= AIM OF THE TASK =
An exact copy of all the lines below is required, with every image left out.

Short descriptive text snippets:
· · · · ·

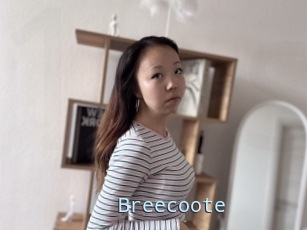 Breecoote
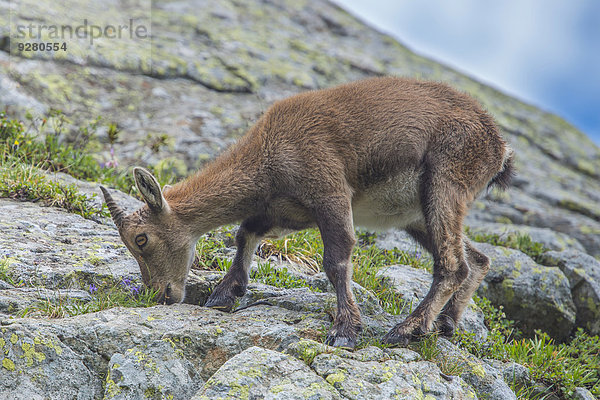 Junger Alpensteinbock (Capra ibex) frisst Blumen auf einem Felsen  Mont Blanc  Frankreich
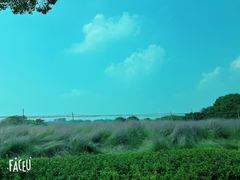 -七的湖·晚芳亭·阳澄湖农家菜·大闸蟹(莲花岛店)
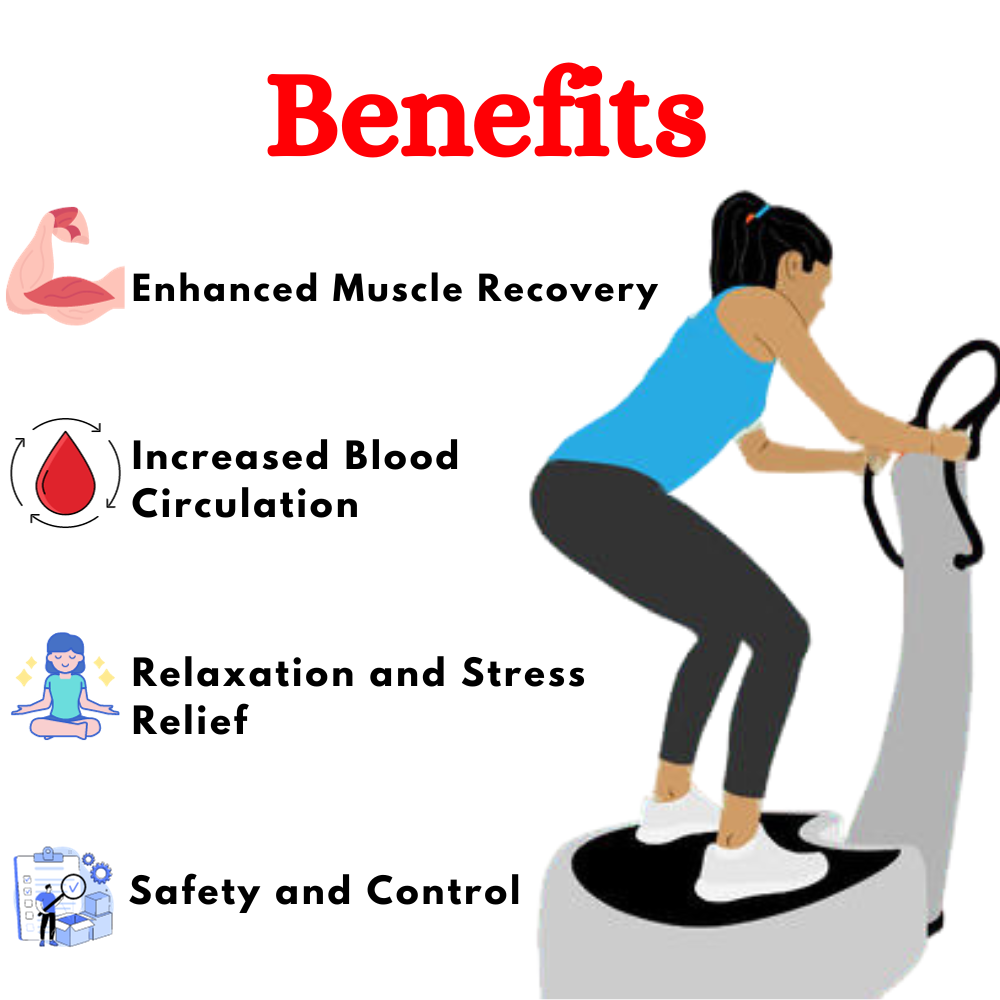 Exercise Massager & Vibrator for Fitness Workout EFM-701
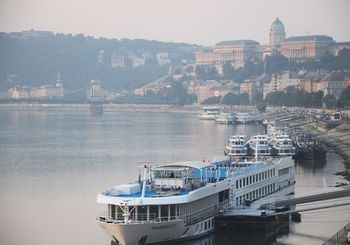 Onriver S Ms Maribelle — фото 2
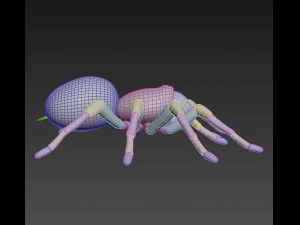 animated tarantula 3D Model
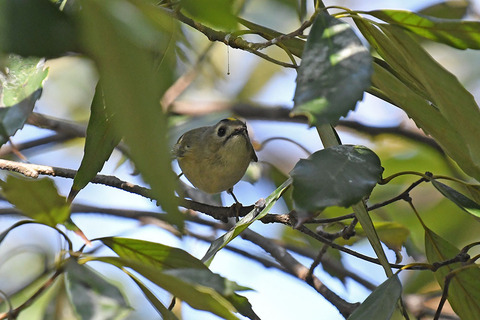 DSC_9271.jpg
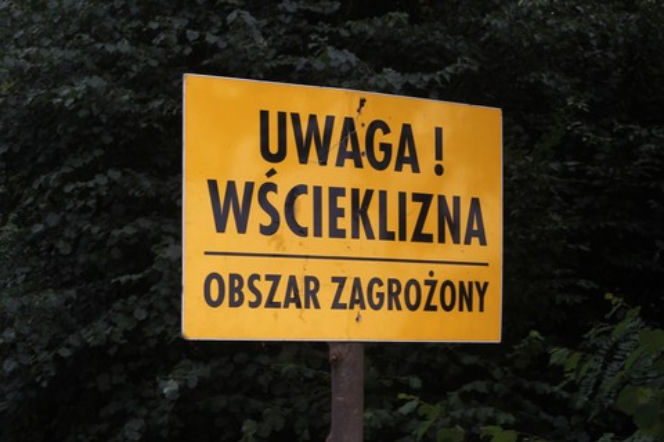 wścieklizna, znak,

· · · · ·

= EXERCISE RESULT =
 Breecoote
 Junger Alpensteinbock (Capra ibex) frisst Blumen auf einem Felsen  Mont Blanc  Frankreich
 -七的湖·晚芳亭·阳澄湖农家菜·大闸蟹(莲花岛店)
 Exercise Massager & Vibrator for Fitness Workout EFM-701
 Onriver S Ms Maribelle — фото 2
 animated tarantula 3D Model
 DSC_9271.jpg
 wścieklizna, znak,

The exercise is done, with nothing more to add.